Her first novel Adèle won the La Mamounia Prize for the best book by a Moroccan author written in French, and gave rise to her nonfiction book Sex and Lies: True Stories of Women’s Intimate Lives in the Arab World. A journalist and commentator, she spearheaded a campaign to help Moroccan women speak out, as self-declared outlaws, against their country’s “unfair and obsolete laws,” for which she won the Simone de Beauvoir Prize for Women’s Freedom.
Ousman Umar
Ousman Umar is an author, social entrepreneur, and founder of the NGO NASCO Feeding Minds. He left Ghana as a child, crossed the Sahara on foot, and journeyed through eight countries and 21,333 km to reach Barcelona, which took a treacherous five years to complete.
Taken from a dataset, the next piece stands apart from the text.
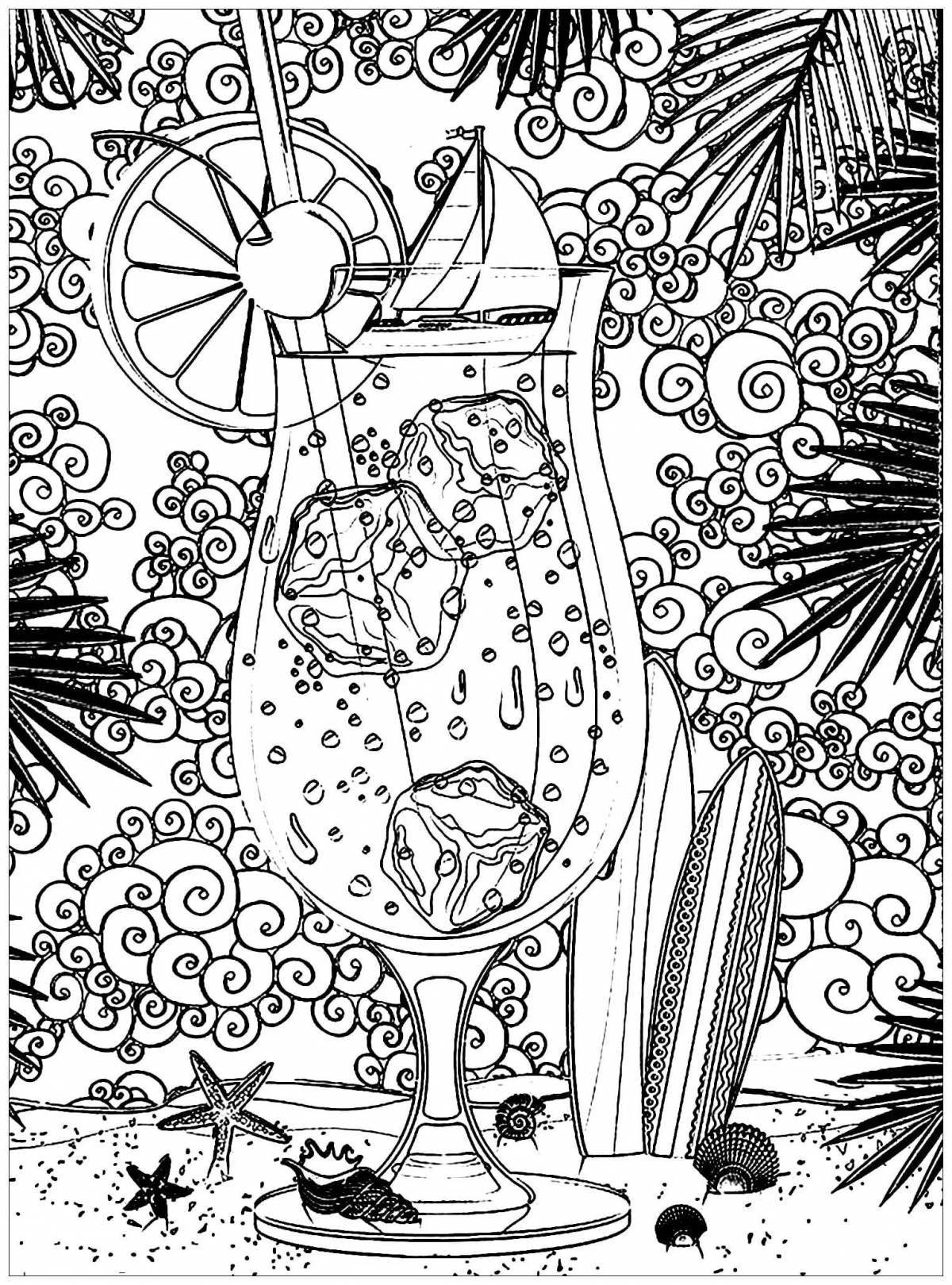 Stimulating coloring book for all adults antistress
In 2012, with his first savings, he founded NASCO Feeding Minds with the goal of improving education in his home country and ensuring that more young people would not have to endure what he had. In 2019, he wrote the book North to Paradise, which has sold more than 12,000 copies. In 2021, he released his second book, which chronicles his experiences rebuilding a new life in Europe. He is the recipient of the 2021 Princess of Girona Social Award.
Tochi Onyebuchi
Tochi Onyebuchi is the author of Goliath. His previous fiction includes Riot Baby, a finalist for the Hugo, Nebula, Locus, and NAACP Image Awards, and winner of the New England Book Award for Fiction, the Ignyte Award for Best Novella, and the World Fantasy Award; the Beasts Made of Night series; and the War Girls series.
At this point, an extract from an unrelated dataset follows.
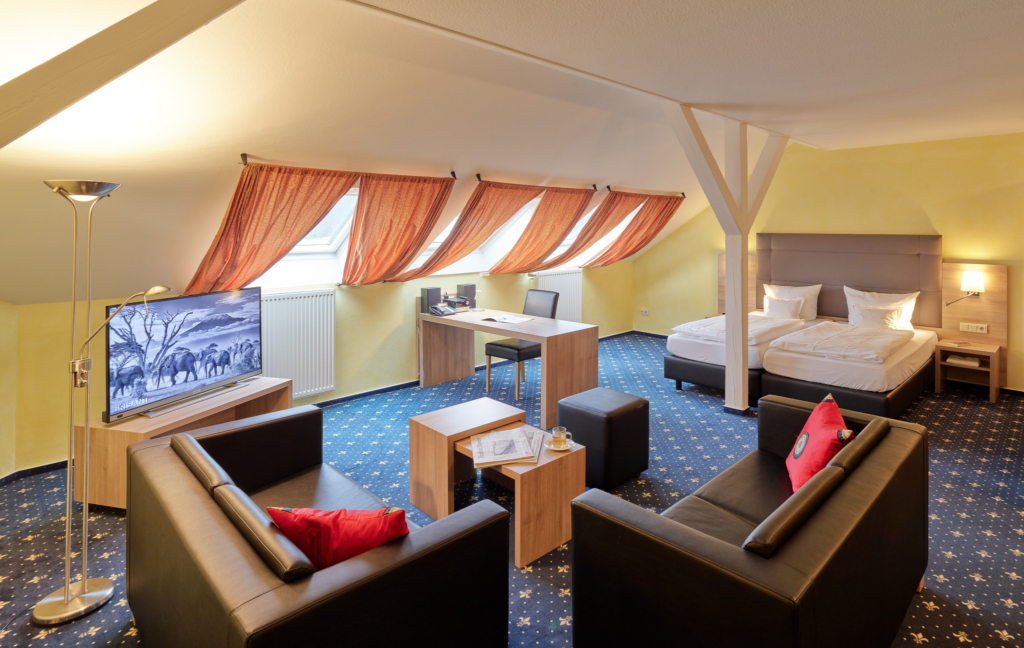 Junior Suite mit Gartenblick im Hotel Schiffmann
His short fiction has appeared in The Best American Science Fiction and Fantasy and elsewhere. His nonfiction work includes the book (S)kinfolk and has appeared in The New York Times, NPR, and the Harvard Journal of African American Public Policy, among other places.
Warsan Shire
Warsan Shire is a Somali British writer and poet born in Nairobi and raised in London. She has written two chapbooks, Teaching My Mother How to Give Birth and Her Blue Body. She was awarded the inaugural Brunel International African Poetry Prize and served as the first Young Poet Laureate of London. She is the youngest member of the Royal Society of Literature and is included in the Penguin Modern Poets series.
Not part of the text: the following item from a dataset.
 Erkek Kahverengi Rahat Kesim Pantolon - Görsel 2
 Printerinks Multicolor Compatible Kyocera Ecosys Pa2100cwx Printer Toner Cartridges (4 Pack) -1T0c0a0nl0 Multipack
She wrote the poetry for the Peabody Award–winning visual album Lemonade and the Disney film Black Is King, in collaboration with Beyoncé Knowles-Carter. She also wrote the short film Brave Girl Rising, highlighting the voices and faces of Somali girls in Africa’s largest refugee camp. Bless the Daughter Raised by a Voice in Her Head is her full-length debut poetry collection.